Nasza Loteria SR - pasek na kartach artykułów

Biskupstwo pod lupą badaczy (wideo)

Jakub Pikulik 95 722 57 72 [email protected]
Archeolog Krzysztof Socha prezentuje wykresy, na których widać owoce pracy georadaru. Teraz z dużym prawdopodobieństwem można określić miejsce, w którym w XIII w. stała siedziba biskupów.
Archeolog Krzysztof Socha prezentuje wykresy, na których widać owoce pracy georadaru. Teraz z dużym prawdopodobieństwem można określić miejsce, w którym w XIII w. stała siedziba biskupów. Jakub Pikulik
Badacze tego miejsca szukali od około stu lat. Udało się dopiero przy użyciu najnowszych technologii. Siedzibę biskupów lubuskich z XIII w., bo o niej mowa, odnaleziono na polu niedaleko Górzycy.

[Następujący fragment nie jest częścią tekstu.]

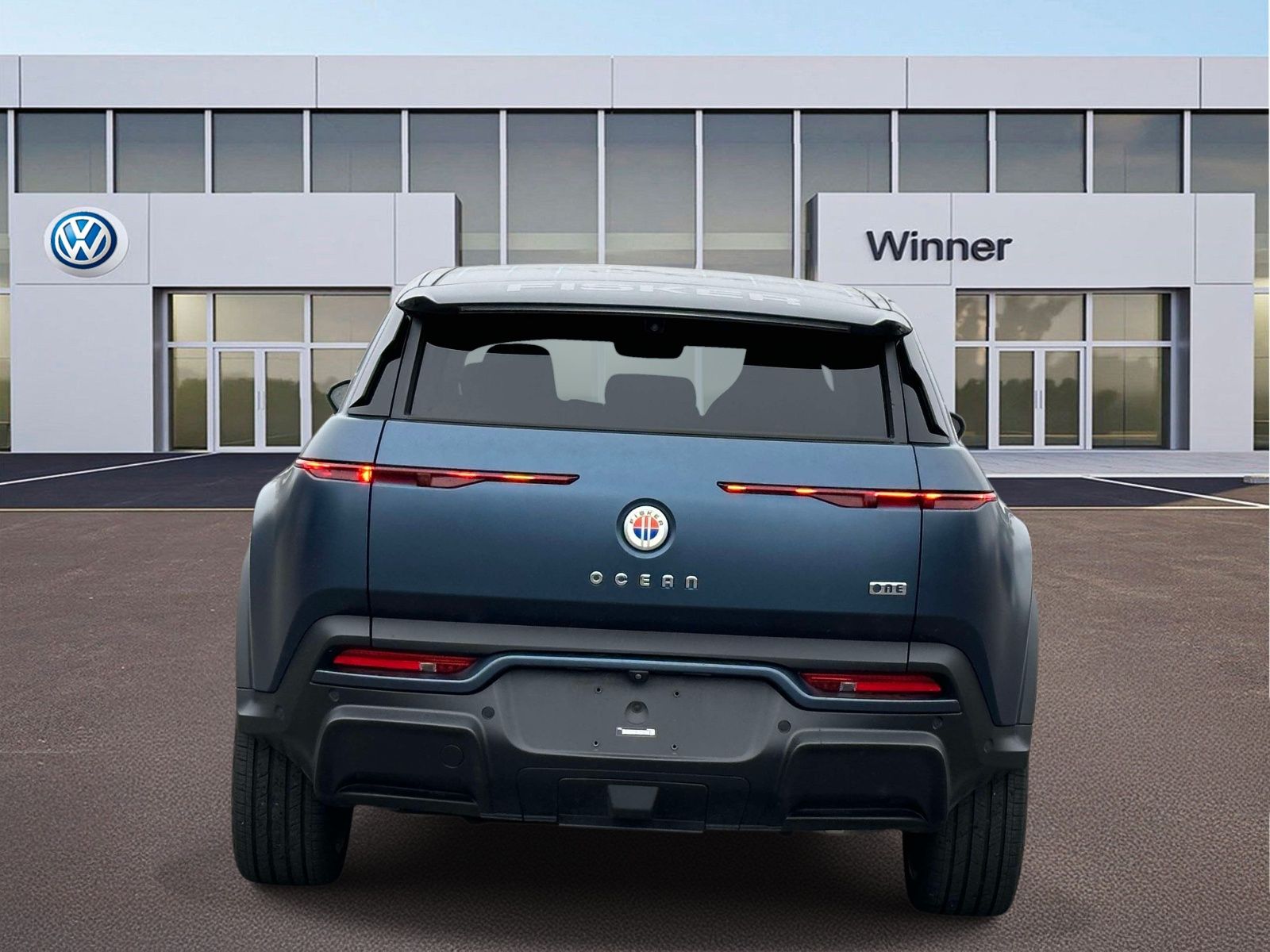 View vehicle photo 3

- Wiadomo było, że w Górzycy w okresie od około 1276 do końca lat 20-tych XIV wieku istniało biskupstwo, w którym urzędowali biskupi lubuscy. Ale nikt nie wiedział, w którym dokładnie miejscu - przyznaje Krzysztof Socha, archeolog w Muzeum Twierdzy Kostrzyn, który kierował ostatnimi poszukiwaniami. Te, jeszcze w XIX w. rozpoczęli archeolodzy niemieccy. W latach 1979-1982 prowadzili w tym miejscu wykopaliska badacze z ówczesnego Muzeum Okręgowego w Gorzowie Wlkp. Prace archeologiczne trwały też w 2009 r. Znaleziono wówczas ślady osadnictwa pradziejowego oraz średniowieczne cmentarzysko szkieletowe, ale na pozostałości siedziby biskupów nie natrafiono. A przecież wiadomo, że jak jest cmentarz, to gdzieś w pobliżu musi być katedra - tak niegdyś chowano zmarłych.

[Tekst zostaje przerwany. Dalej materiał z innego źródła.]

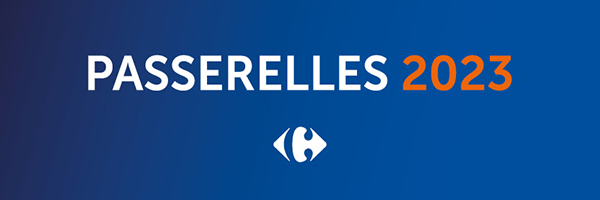 Logo Passerelles RH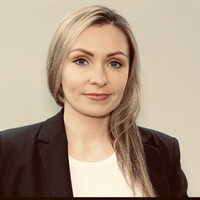 An Post Employee Amanda Campbell's profile photo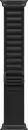 Умные часы Apple Watch Ultra 3 LTE 49 мм (титановый корпус, черный/черный, текстильный ремешок размера L) фото 3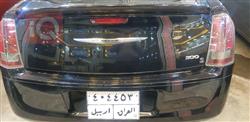 كرايسلر 300
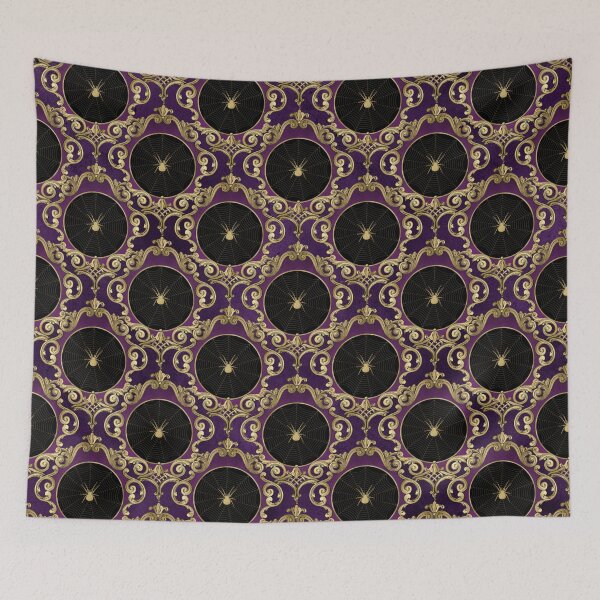 Item preview, Spider Crawl designed and sold by KizmetBoutique.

Udało się dopiero w tym roku. I to bez ani jednego wbicia łopaty! Z pomocą przyszli krakowscy naukowcy pod kierownictwem dr Wiesława Nawrockiego. W kwietniu przywieźli ze sobą georadar i magnetometr. Urządzenia wysyłały w ziemię sygnały, które inaczej reagowały na różne gęstości podłoża. Z pomocą komputerów wyniki naniesiono na mapę. Efekt? Oczom badaczy ukazały się zarysy poszczególnych budynków i otaczająca je, 60-metrowej średnicy średniowieczna fosa. Prawdopodobnie udało się też ustalić przebieg drogi, łączącej biskupstwo z samą Górzycą. Niemal na pewno odnalezione pozostałości budynków to dawna katedra, pomieszczenia kurialne i szkoła.
Wagę odkrycia podkreśla dr Marek Golemski, gorzowski badacz średniowiecznej historii kościoła. - To kapitalne odkrycie, niezwykle ważne również dla historii kościoła na ziemiach lubuskich - mówi. Liczy, że teraz znajdą się pieniądze na wykopaliska. - Wiemy, że gdzieś tam zostali pochowani biskupi lubuscy: Konrad I, Jan I i Fryderyk I. Najczęściej pochówki tak ważnych osobistości odbywały się w katedrze. Teraz, gdy możemy określić gdzie prawdopodobnie ona stała, być może uda się sprawdzić, czy są tam pochowani biskupi - mówi z ekscytacją w głosie historyk.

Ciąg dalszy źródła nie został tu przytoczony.